- **MATERIALS PROVIDED**:
BEGIN

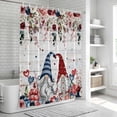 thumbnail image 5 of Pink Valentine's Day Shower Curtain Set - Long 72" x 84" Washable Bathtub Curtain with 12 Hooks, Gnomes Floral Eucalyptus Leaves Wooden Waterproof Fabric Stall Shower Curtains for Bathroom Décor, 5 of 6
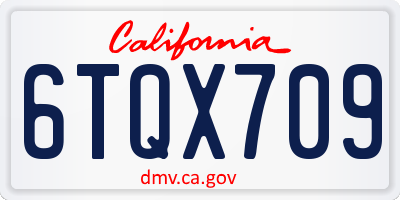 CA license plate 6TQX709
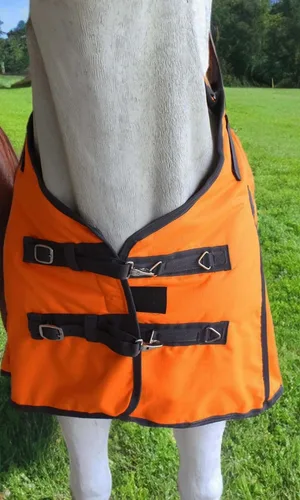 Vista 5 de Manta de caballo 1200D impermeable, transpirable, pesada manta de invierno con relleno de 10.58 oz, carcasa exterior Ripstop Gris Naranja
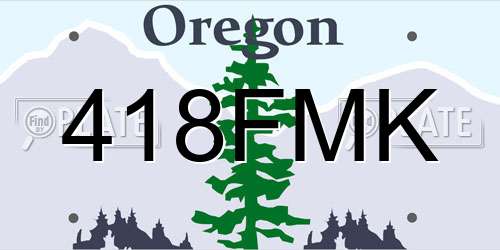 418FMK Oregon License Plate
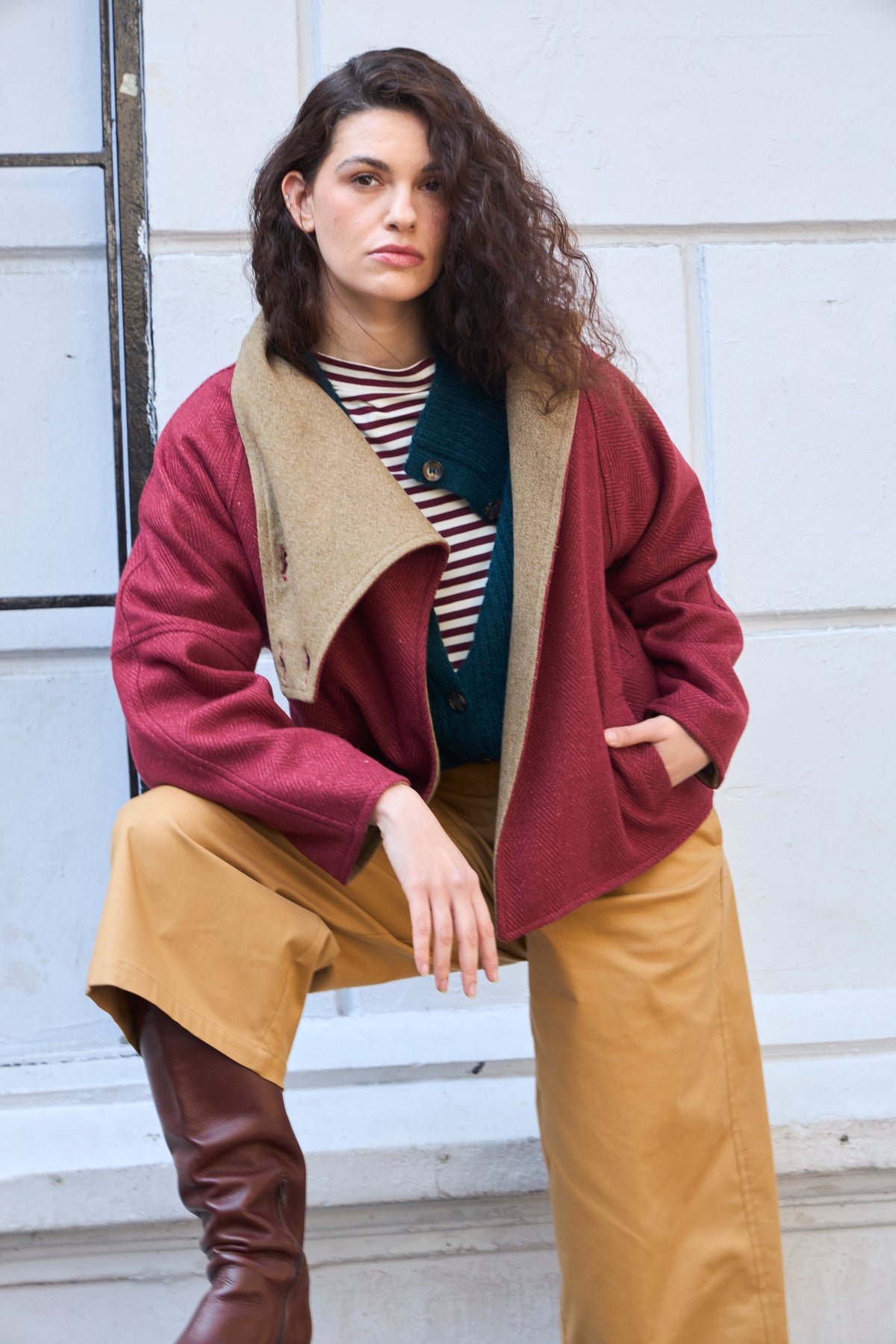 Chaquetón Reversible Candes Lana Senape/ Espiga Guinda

END
BEGIN

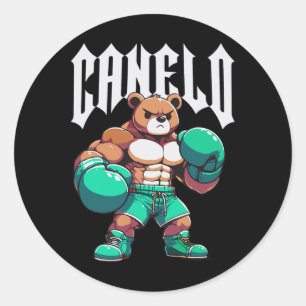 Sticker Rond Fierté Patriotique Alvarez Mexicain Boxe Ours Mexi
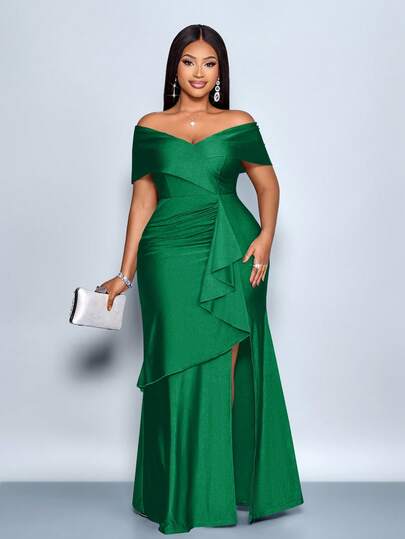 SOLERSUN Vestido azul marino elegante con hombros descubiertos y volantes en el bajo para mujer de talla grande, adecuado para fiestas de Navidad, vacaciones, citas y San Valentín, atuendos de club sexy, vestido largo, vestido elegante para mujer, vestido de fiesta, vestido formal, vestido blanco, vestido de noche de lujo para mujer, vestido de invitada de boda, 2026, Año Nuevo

END

In the listing above, find the line containing "thumbnail image 5" and the line containing "Chaquetón Reversible Candes". Print those two lines and every line between them exactly, with no pictures.

- **ANSWER TO THIS EXERCISE**:
 thumbnail image 5 of Pink Valentine's Day Shower Curtain Set - Long 72" x 84" Washable Bathtub Curtain with 12 Hooks, Gnomes Floral Eucalyptus Leaves Wooden Waterproof Fabric Stall Shower Curtains for Bathroom Décor, 5 of 6
 CA license plate 6TQX709
 Vista 5 de Manta de caballo 1200D impermeable, transpirable, pesada manta de invierno con relleno de 10.58 oz, carcasa exterior Ripstop Gris Naranja
 418FMK Oregon License Plate
 Chaquetón Reversible Candes Lana Senape/ Espiga Guinda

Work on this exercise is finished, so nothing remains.